SMOCK-ALLEY · THE THEATRE-ROYAL·

ORANGE-STREET

ESSEX-STREET, WEST.

ON a portion of the site of "Preston's Inns," and extending westwards from Essex-gate to Fishamble-street, at the rere of the lower Blind-quay, stands a narrow street, formerly styled "Smock-alley," memorable in the history of the Drama as having been for upwards of a century the site of the principal theatre in Ireland.
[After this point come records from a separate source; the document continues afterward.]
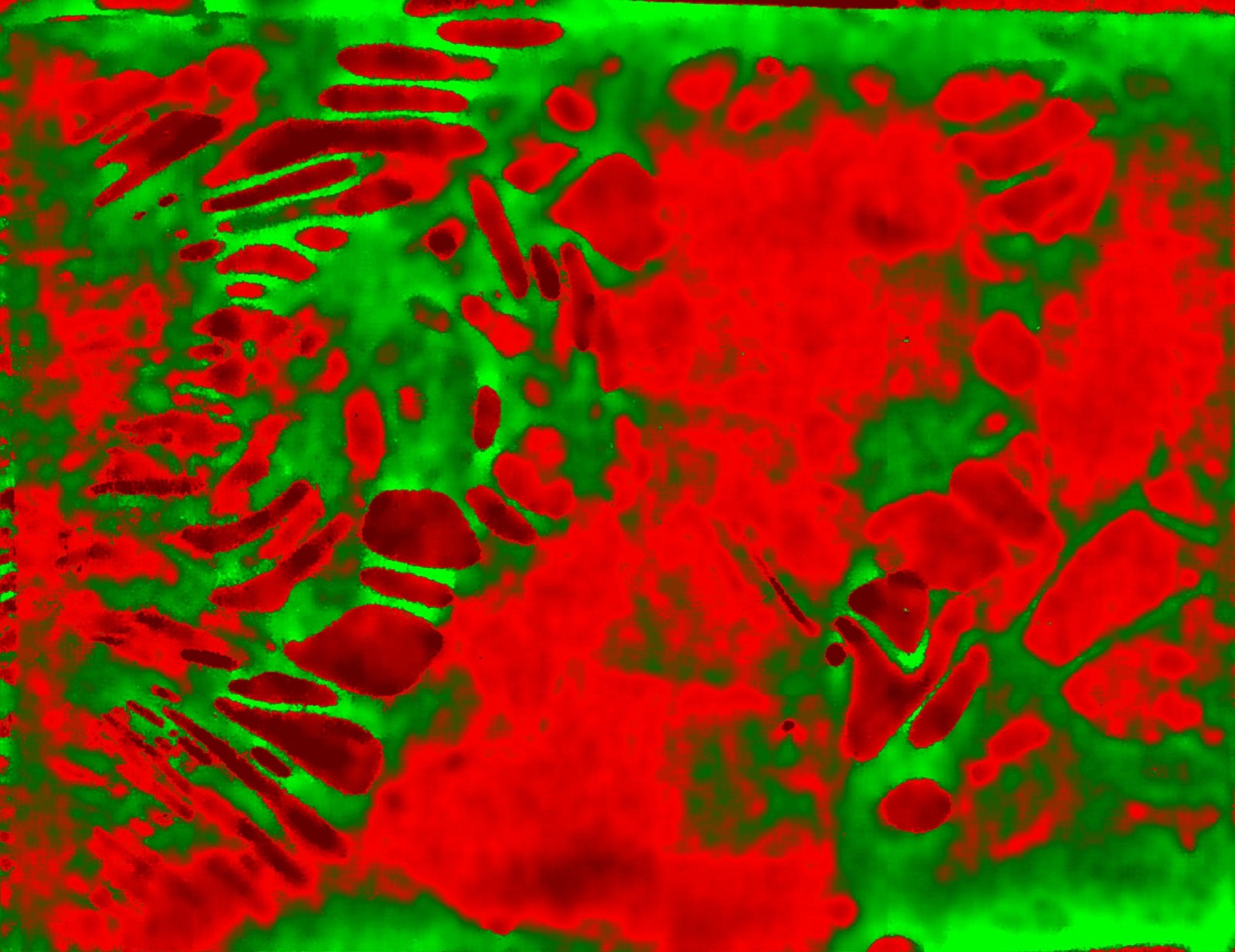 Nowa metoda badania baterii ujawniła zaskakujące zjawisko. Elektrolit zachowuje się jak żywy organizm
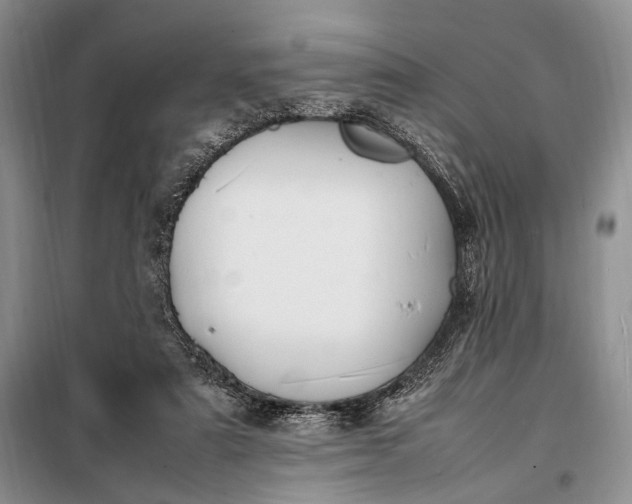 X0000098120307200804181528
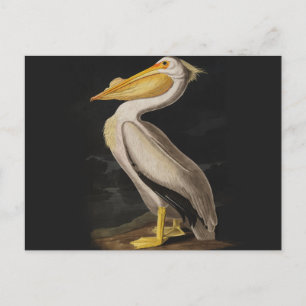 Audubon White Pelican Bird America Vykort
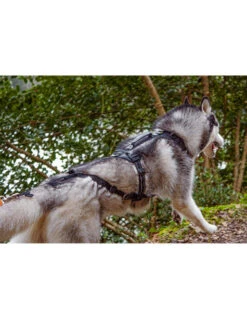 Harnais Raidlight I-Dog -Chien Produits Boutique harnais raidlight i dog 3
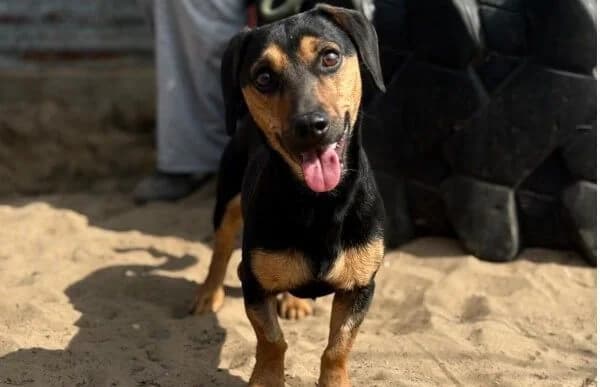 Ali-2, male Dachshund for adoption at Animal Happyend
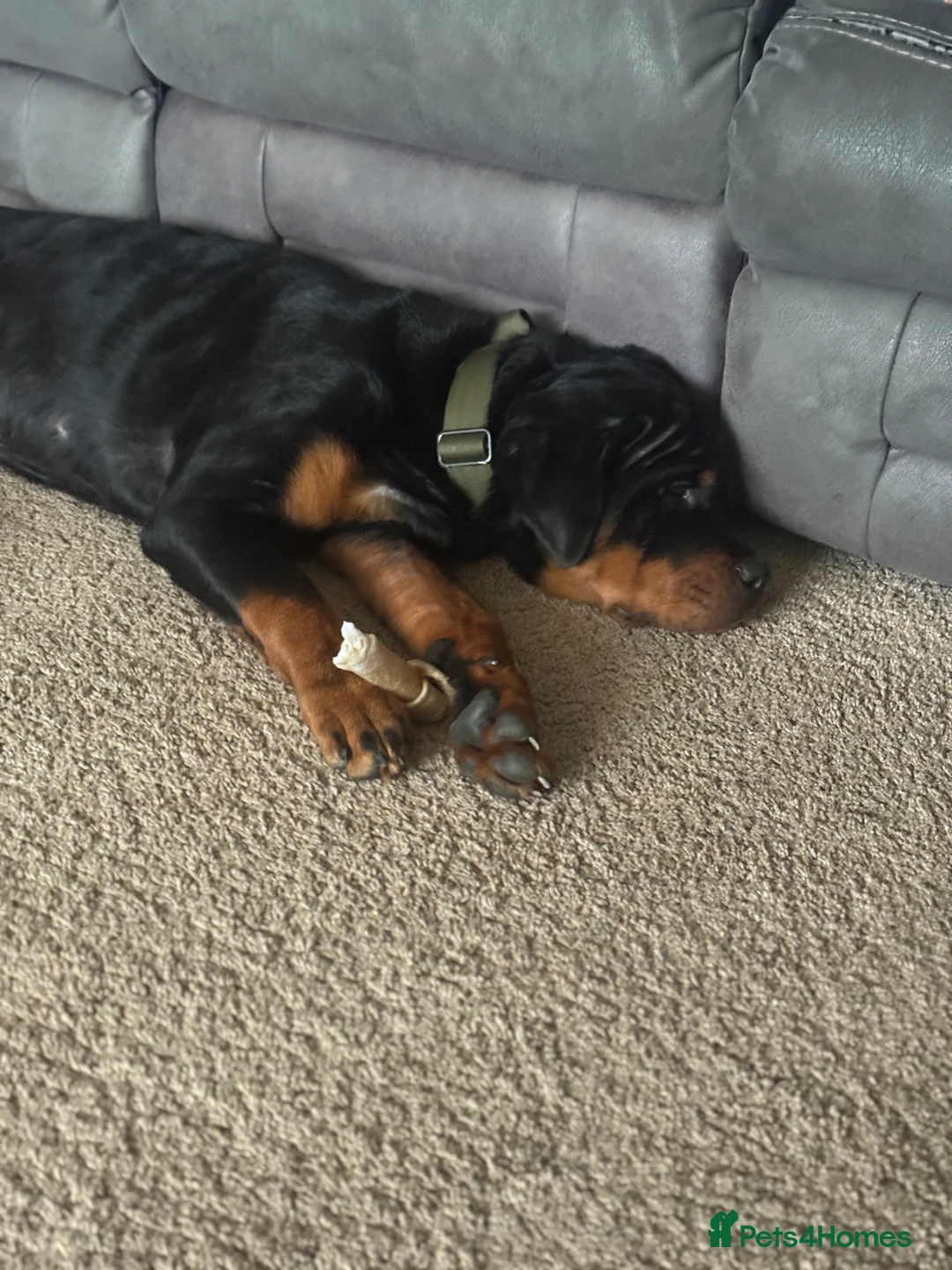 Rottweiler dogs for sale: 9 Month Old Male German Rottweiler - Advert 2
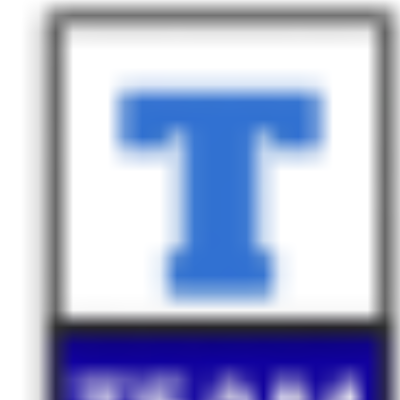 Team Solutions Bangladesh logo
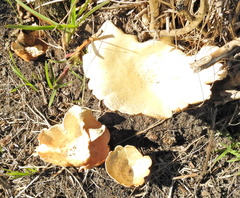 Lentinus sajor-caju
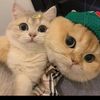 smartpet.1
In 1661 John Ogilby, after a competition with Sir William Davenant, succeeded in obtaining the office of Master of the Revels in Ireland, under a patent which specially empowered him to build one or more theatres in Dublin or elsewhere, upon such ground as he should purchase in fee. His original play-house in Werburgh-street, noticed in our first volume, having been ruined during the Civil War, Ogilby, immediately on receiving his appointment, erected a "noble theatre," at a cost of about two thousand pounds, on a portion of the Blind-quay, described in a document of 1662 as "a house and piece of ground on the quay, heretofore called the White House, on a part whereof the new theatre and other houses are built."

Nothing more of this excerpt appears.